WORK REQUIRED: Your answer should hold the data exactly as given, minus any picture.
### INPUT MATERIAL
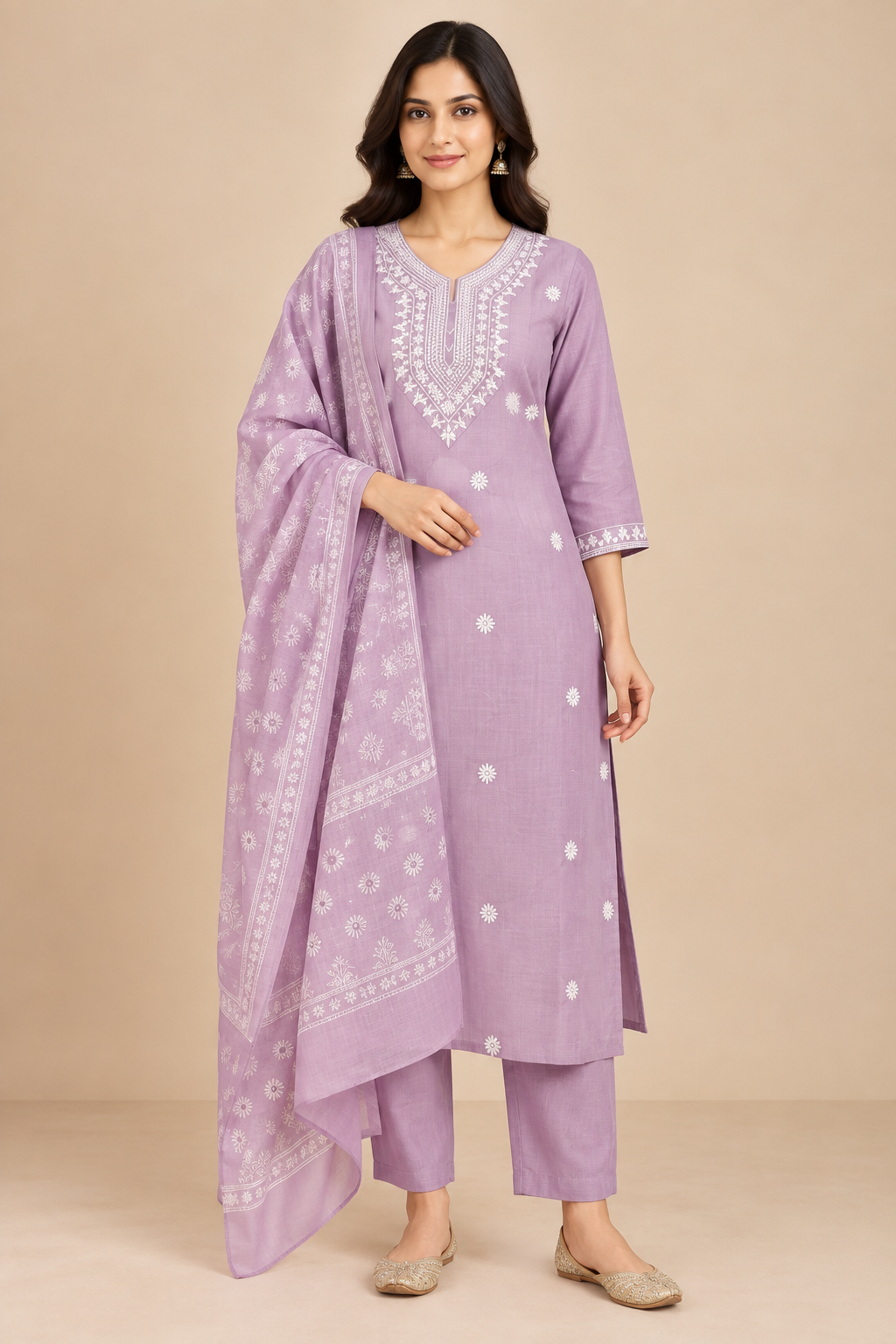 Lilac Embroidered Rayon Slub 3-Piece Kurta Set with Chanderi Dupatta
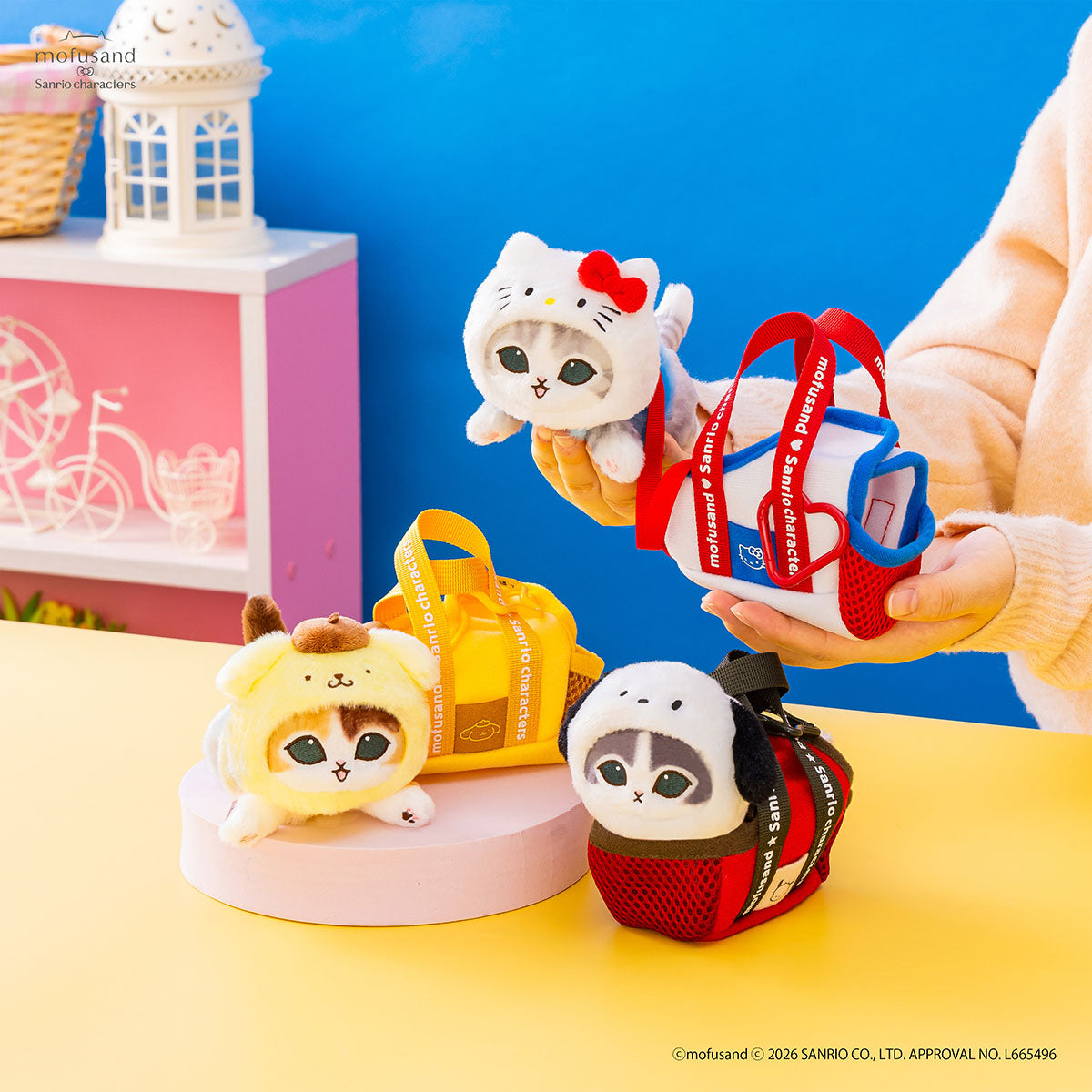 Peluche mofusand con bolso de Pochacco
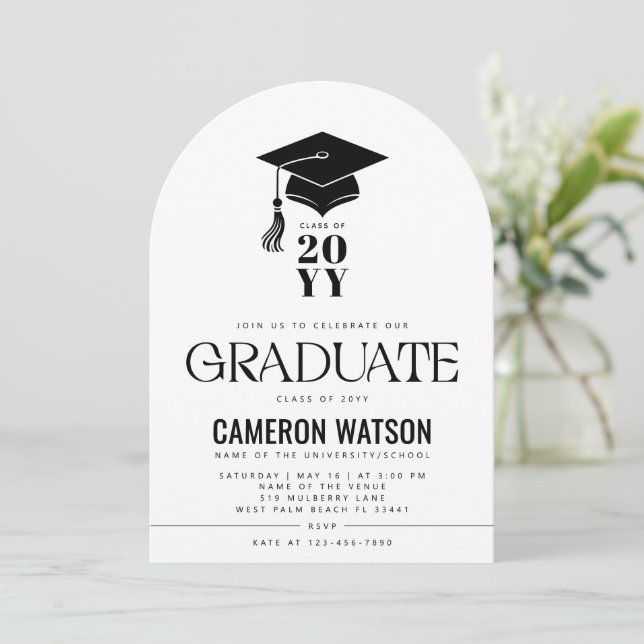 Modern Hat and Tassel Graduation Party Invitation (Standing Front)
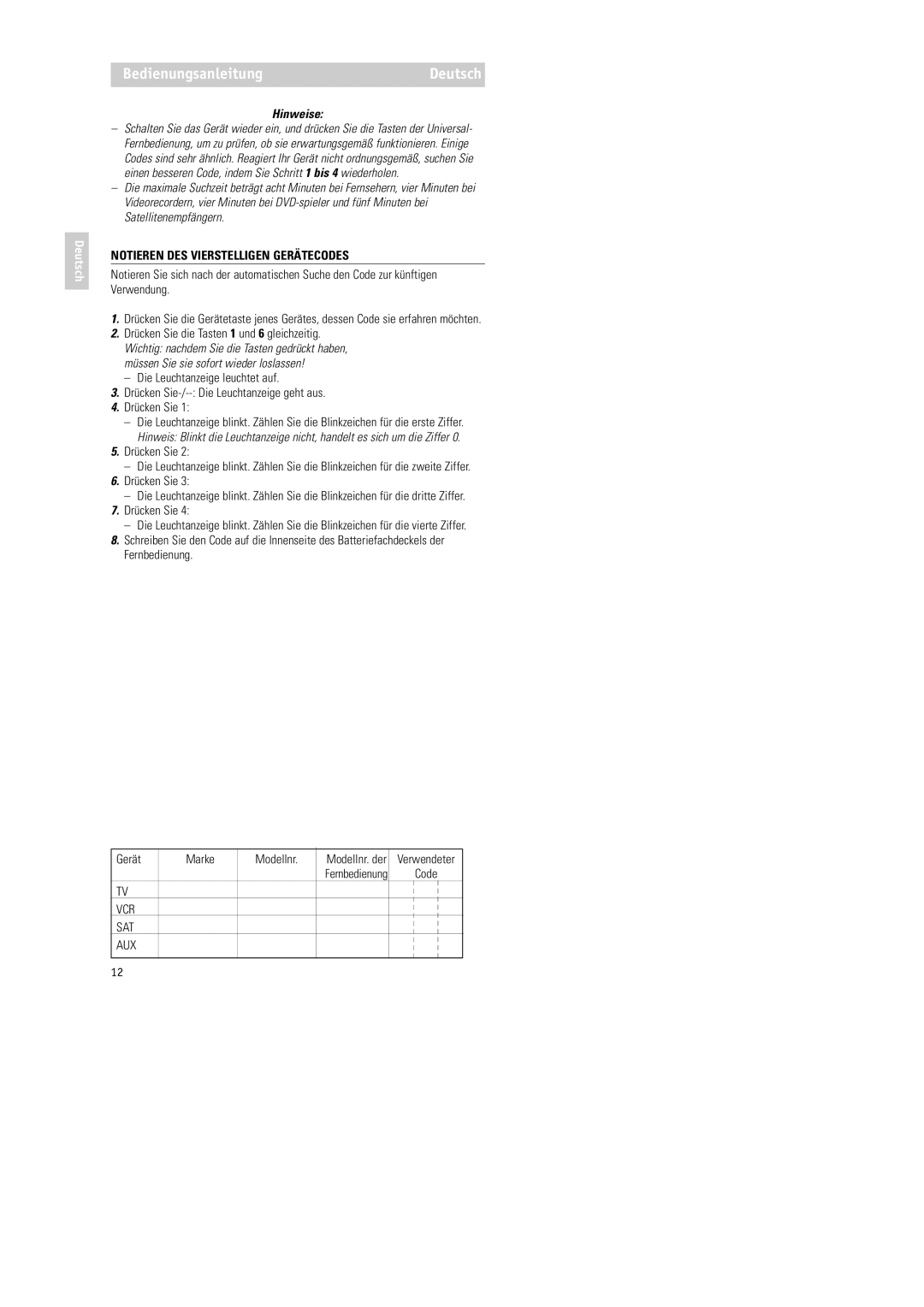 Philips RU254 manual Hinweise, Notieren DES Vierstelligen Gerätecodes, Drücken Sie 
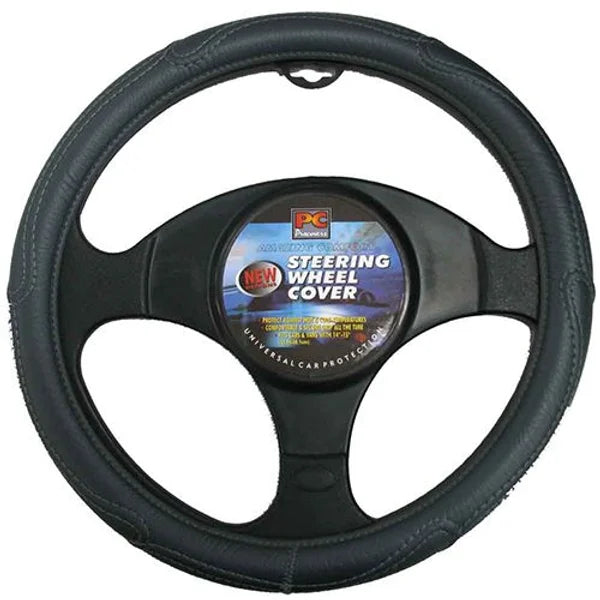 Steering Wheel Cover 38cm Rough Leather Look Grey - PC Procovers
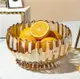網紅水果盤家用現代客廳高腳果盆創意輕奢水晶玻璃簡約干果糖果盤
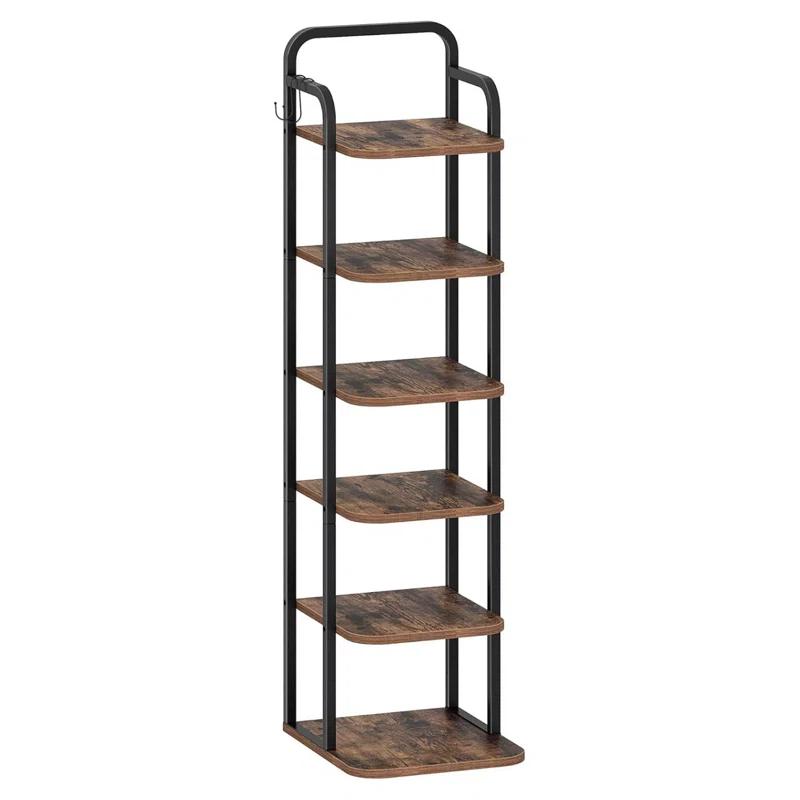 Vertical Shoe Rack, Shoe Shelves, Wood Shoe Organizer For Closet, Entryway, Shoe Tower For Small Spaces, Free Standing, Adjustable, With 2 Hooks, 6 Tier Rustic Brown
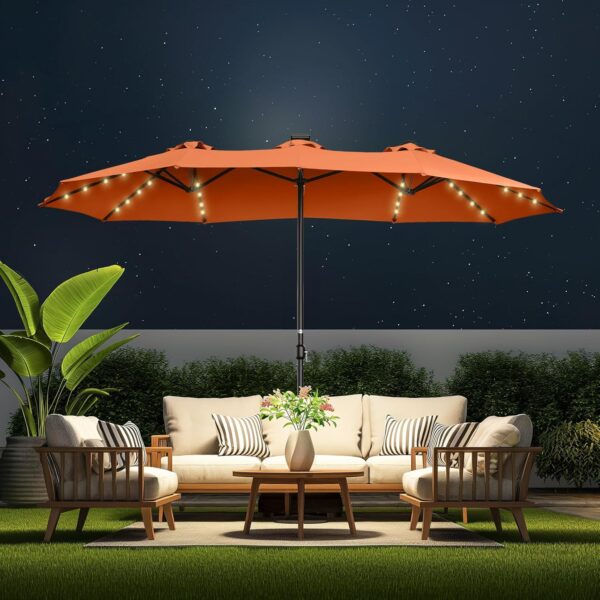 Double Sided Patio Umbrellas - 15ft Solar Lights LED Lighted Outdoor Extra Large Market Table Umbrella with Base Included, Oversized Umbrella for Deck, Pool, Backyard (Beige) - Image 5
######
SOLVED EXERCISE:
 Lilac Embroidered Rayon Slub 3-Piece Kurta Set with Chanderi Dupatta
 Peluche mofusand con bolso de Pochacco
 Modern Hat and Tassel Graduation Party Invitation (Standing Front)
 Philips RU254 manual Hinweise, Notieren DES Vierstelligen Gerätecodes, Drücken Sie 
 Steering Wheel Cover 38cm Rough Leather Look Grey - PC Procovers
網紅水果盤家用現代客廳高腳果盆創意輕奢水晶玻璃簡約干果糖果盤
 Vertical Shoe Rack, Shoe Shelves, Wood Shoe Organizer For Closet, Entryway, Shoe Tower For Small Spaces, Free Standing, Adjustable, With 2 Hooks, 6 Tier Rustic Brown
 Double Sided Patio Umbrellas - 15ft Solar Lights LED Lighted Outdoor Extra Large Market Table Umbrella with Base Included, Oversized Umbrella for Deck, Pool, Backyard (Beige) - Image 5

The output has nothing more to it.